- Korehi Location within Iran
- Coordinates: 30°01′59″N 53°43′04″E﻿ / ﻿30.03306°N 53.71778°E
- Country: Iran
- Province: Fars
- County: Sarchehan
- District: Central

Population (2016)
- • Total: 3,954
- Time zone: UTC+3:30 (IRST)

= Korehi =

City in Fars province, Iran

Korehi (کره‌ای) (Note: Also known as Chār Rāh, Katra, Katreh, Koreh, Korei, and Korreh) is a city in the Central District of Sarchehan County, Fars province, Iran, serving as capital of the county. It was the capital of the district until its capital was transferred to the city of Hesami.

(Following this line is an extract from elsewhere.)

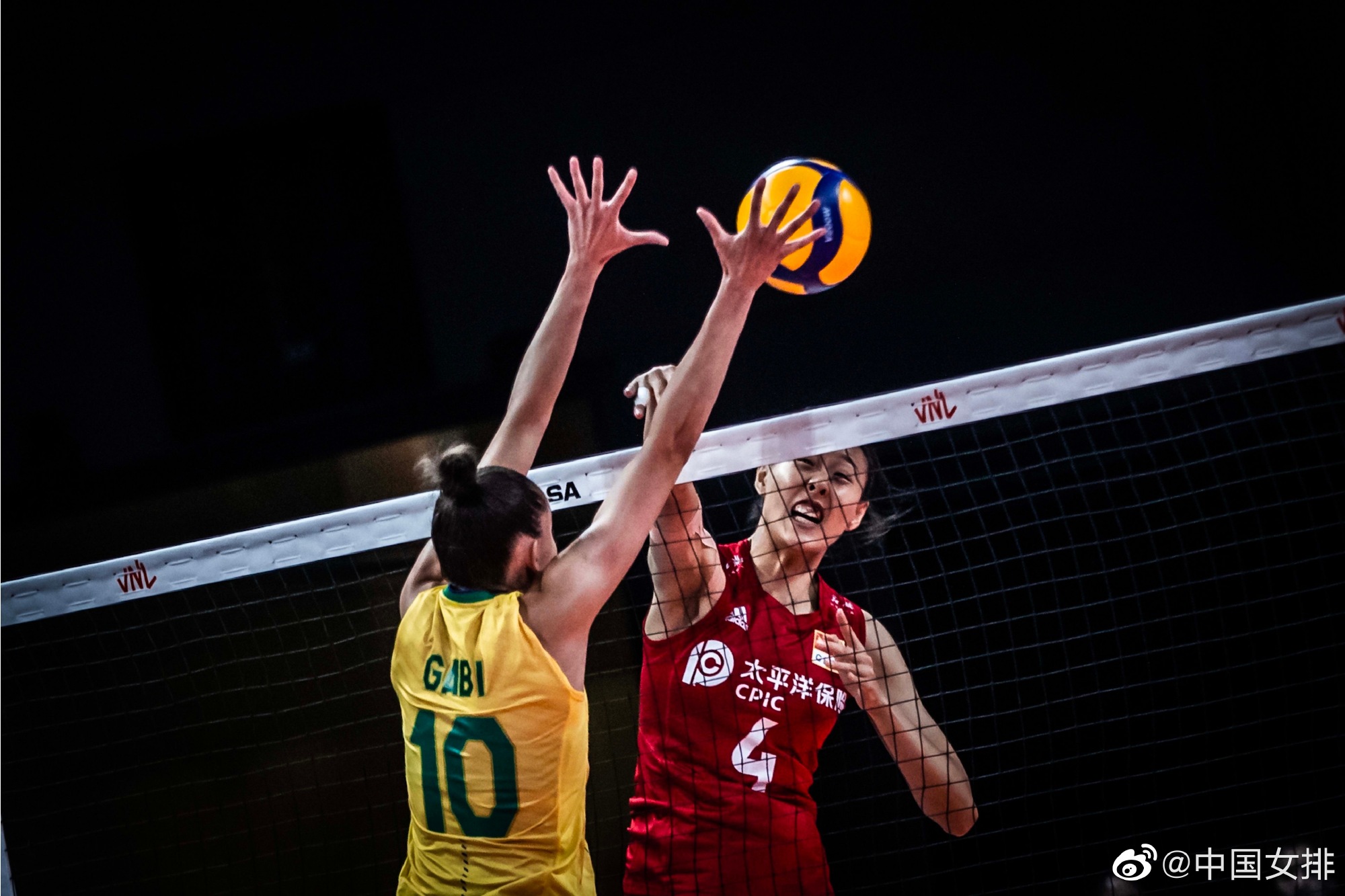 里约奥运会中国女排巴西(梦回里约!中国女排3比2力挫巴西!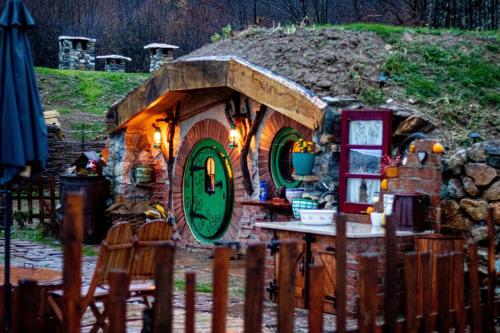 uma pequena casa de pedra com uma mesa em frente em Zemljane kućice Kreševo em Kreševo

As a village, Korehi was the capital of Sarchehan Rural District until its capital was transferred to the village of Siyahun.

==Demographics==
===Population===
At the time of the 2006 National Census, the city's population was 3,158 in 807 households, when it was capital of the former Sarchehan District of Bavanat County. The following census in 2011 counted 3,912 people in 1,027 households. The 2016 census measured the population of the city as 3,954 people in 1,259 households.

After the census, the district was separated from the county in the establishment of Sarchehan County, and Korehi was transferred to the new Central District as the county's capital.